Niklaus Rudolf von Wattenwyl was educated by private tutors and at an institute in Strasbourg. At the beginning of his military career from 1776 to 1784, he was officer of the Bern Stürler Regiment in the service of the Netherlands, where he was promoted to grenadier captain. When he returned to Switzerland in 1795, he began his political career as a member of the Bern city parliament. He was also a militia commander in the Thun cantonal regiment and, with his troops, stopped the advance of the French army at Neuenegg in 1798. During the Stöckli War in 1802, he commanded a battalion in the Berner Oberland.
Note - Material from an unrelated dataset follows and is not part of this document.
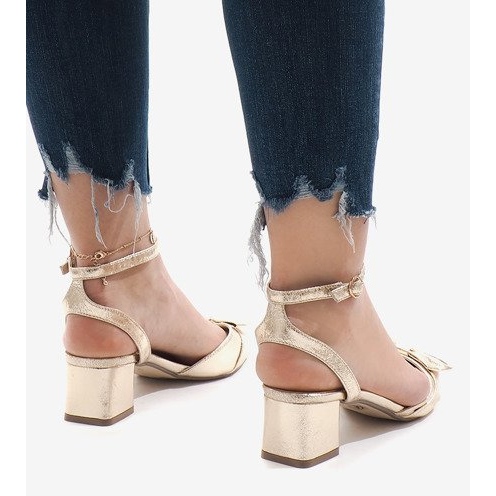 Sandaler med guldklack 1702-2 gyllene 2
In 1803 he was sent as a deputy from Bern to the Paris Consulta, and became a member of the Bern Scholastic Council; in 1804 he was appointed Landammann of Switzerland (a position he would hold again in 1810). The general military regulations for the Swiss Confederation, which he drew up with the aim of reorganising the Swiss army after the dissolution of the Helvetic Republic, were adopted by the Diet on 22 June 1804.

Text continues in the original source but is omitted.